In this third installment of the series, we look at four churches within a few hundred yards of each other. They are St Magus, St Mary’s, St Margaret’s and St Dunstan’s. These churches have some of the most varied, and compromised, environments within such a small area.
St Magus the Martyr, by London Bridge.
We start with St Magnus the Martyr. As we saw in last week’s post, this church has escaped quite lightly in terms of how its spire (and its general prospect) is not so encumbered by enormous skyscrapers (the towers) that rise about it. The reason for that is of course this church is right by the river, which preserves to an extent the prospects afforded towards it.
St Magnus & The Monument. Complementary, not competitive.
It must not be forgot St Magnus is actually affected by the presence of the Shard on the opposite side of the Thames although that is not close enough to render the church and its spire somewhat insignificantly.
At the start of this series I asked if it was possible to find a church spire within the City of London that wasn’t marked (perhaps marred) in some way by the presence of a skyscraper. These four have been quite heavily affected despite the fact there are some prospects that still enable one to have peaceful enjoyment or mediation in the presence of the church and spire.
In the following photographs I used an ultra wide angle lens in order to gain some of the prospects which would have not been possible with normal wide angle lenses.
Last time I mentioned St Mary-at-Hill I said it had no spire. Well that is right, but it does have a small tower (as opposed to a spire.) Its relationship to other nearby spires and the modern towers is important as we see next.
St Mary’s tower in the context of historic Lovat Lane. The Walkie Talkie is high enough to encroach on this historic setting.
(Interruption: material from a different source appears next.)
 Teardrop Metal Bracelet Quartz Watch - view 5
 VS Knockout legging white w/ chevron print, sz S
London Inheritance discusses the historical importance of St Mary’s and Lovat lane.
The east side of St Marys with its clock, plus a clear line of sight to The Shard. More buildings will rise in the south.
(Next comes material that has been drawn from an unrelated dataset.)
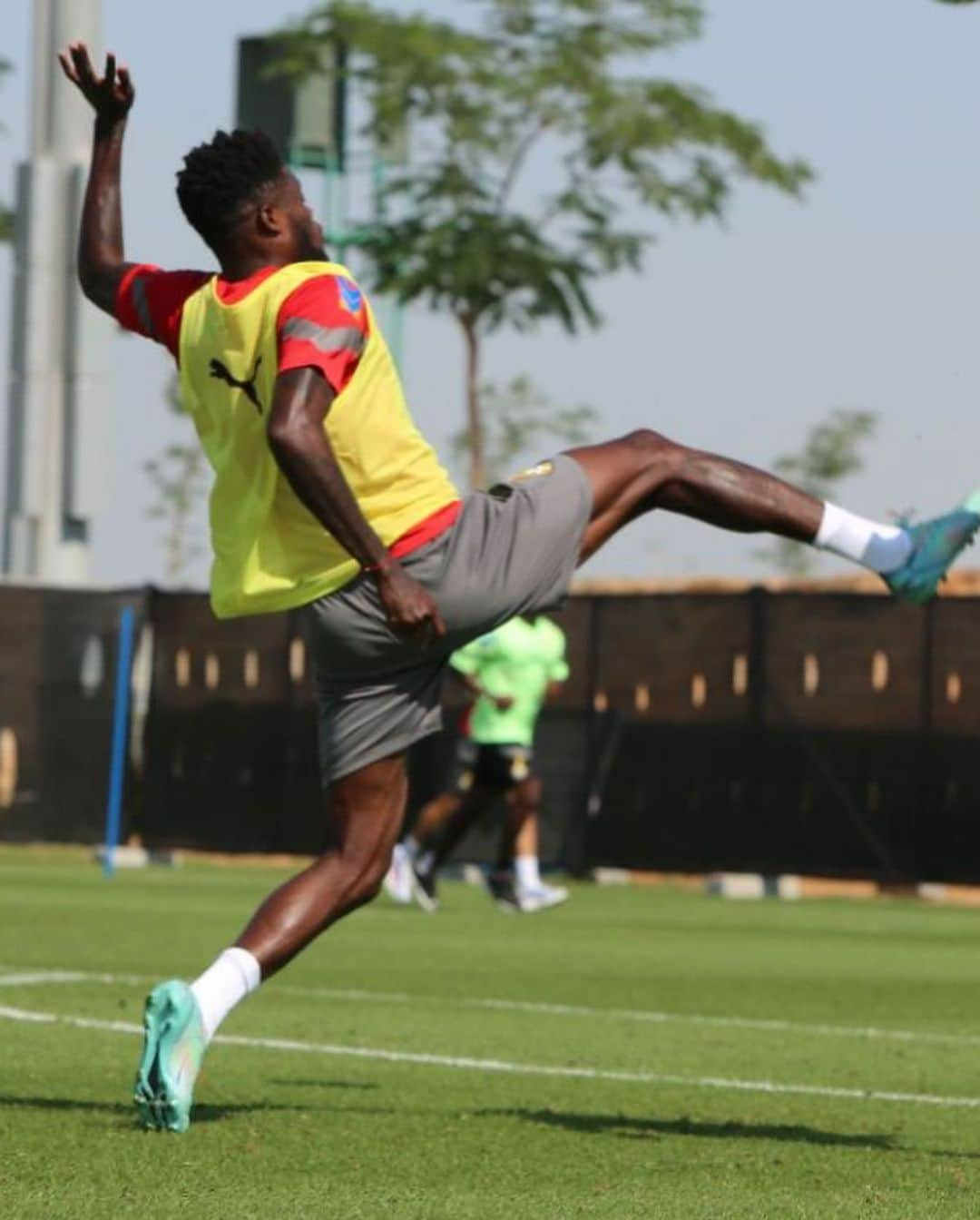 トーマス・パーテイさんのインスタグラム写真 - (トーマス・パーテイInstagram)「Last training before heading to Qatar 🔥  #TP5 #FIFAWorldCup #GodIsGood」11月19日 2時51分 - thomaspartey5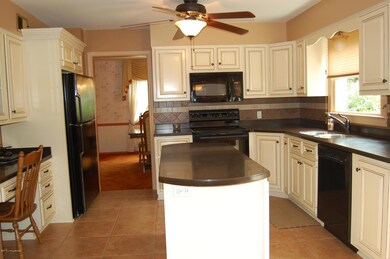 5511 Cumnock Rd, Louisville, KY 40291 - photo 4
St Mary’s looking north from its clock to The Walkie Talkie, The Cheesegrater and St Margaret Pattens.
We ascend St Mary’s Hill to view St Margaret’s.
St Margaret and 20 Fenchurch Street from Eastcheap.
Clearly St Margaret’s is the most affected of the four. Its not as profound as some of those churches that I have surveyed within the City of London. But its pretty overwhelmed particularly by the Walkie Talkie – or more officially 20 Fenchurch Street.
The Walkie Taklie (Sky Garden side) and St Margaret’s.
People queue up to enjoy the Sky Garden at 20 Fenchurch Street but barely anyone queues to recieve sermon at St Margaret’s. It shows a huge paradigm shift, but one that very few people will realise has even happened. I shall discuss this in a later post as there are deep philosophical implications that revolve around these spires and towers of the City.
The Walkie Talkie widens into a larger structure as it gets higher,and that of course affects the space around St Margaret’s.
Looking straight up to the sky in the space between St Margaret’s and the Walkie Talkie.
The Shard makes its presence in the skies above the four churches discussed in this post. Even though St. Margaret’s is the furthest away from the river, The Shard still makes its presence felt.
The Shard can be seen down St Mary at Hill from St Margaret’s.
St Mary’s (its clock is visible), St Margaret’s, The Walkie Talkie, The Cheesegrater with St Dunstan’s at extreme right.
In the above prospect we can see just St Marys (the newer side with its splendid clock) St Margarets (with the enormous Walkie Talkie and Cheesegrater) and St Dunstans at extreme right. At one time this area would have been a forest of churches (taking into account those that have fallen due to fire or war.) Its now full of modern skyscrapers!
St Dunstan’s is no longer a church, but like some of those others which were bombed in the war, St Dunstan’s tower and spire has survived.
St Dunstan’s is a place of rest and contemplation. But behind those trees….
Voila! The Walkie Talkie rises above St Dunstan’s.
The Shard again is evident, though it’s not like those buildings on the north side that can be viewed rising into the skies.
The Shard cannot be missed from St Dunstan’s.
The Shard,with its ever narrowing apex and topmost point, is said to be a spire of sorts, in fact that was Renzo Piano’s intention. He says The Shard had inspiration from Canaletto’s paintings showing the numerous church spires that could once be seen across the City.
Despite being the tallest tower in London, The Shard keeps itself a discreet distance from the City’s spires and in many ways it can be said to be the only structure that complements the City’s historic spires. Its something we will look at in future posts.